The Texas Program in Sports and Media granted $25,000 in fellowships to fund research projects on sports and media, the first of their kind for the program.
The program raised $25,000 to grant fellowships to five different research teams from University funds, College of Communication funds and donors, said Texas Program in Sports and Media executive director Michael Cramer in an email. The research projects will contribute to the developing field of sports and media, said program manager Christopher Hart.
“The cultural footprint of sports and media is vast,” Hart said. “For unknown reasons, there hasn’t been near the level of scholarship as there has been in other culturally significant areas.”
The research teams applied for the program in the middle of April and were officially chosen in May. All five teams that applied were granted fellowships and belong to various schools in the College of Communication.
Professor Tracy Dahlby was granted $5,500 to study the Cleveland Indians, the first Major League Baseball team to offer exclusive seating for social media journalists. Avery Holton, a graduate journalism student working under Dahlby, said this policy is different from those of other Major League Baseball teams.
“Basically, Major League Baseball has been very slow to adapt to social media producers,” Holton said in an email. “They’re somewhat ignoring social media producers who could provide valuable exposure.”
Holton said the grant money will help pay for trips to Cleveland. He said the project will help the researchers learn how sports teams can profitably work with social media and how the Cleveland Indians’ policies will affect the rest of the league.
Associate journalism professor Renita Coleman was granted $5,000 to study how photojournalists’ gender impacts sports coverage. Coleman will supervise Carolyn Yaschur, the graduate student who came up with the research idea after speaking to a former boss about who would fill her position.
“He made this offhand comment: ‘Well, men and women just shoot differently,” Yaschur said. “To my knowledge, there’s no research out there investigating the differences between the way men and women photojournalists shoot, and in particular, the way men and women cover sports visually.”

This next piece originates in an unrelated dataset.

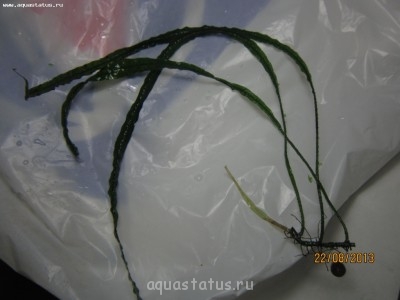 Опознание аквариумных растений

Yaschur said understanding how gender impacts photojournalism is important in today’s visual society.
“Because we’re such a visually dominated society, we’re bombarded with images all the time,” she said. “The factors that come into how photojournalists make their photos are important because it impacts our perspective of the world as viewers.”
Other projects include the creation of digital media archives for football programs in Dallas and El Paso, research on how media coverage of football affects future players’ expectations and an exploration of how parents’ control of sports watching on TV affects childrens’ views of
sportsmanship.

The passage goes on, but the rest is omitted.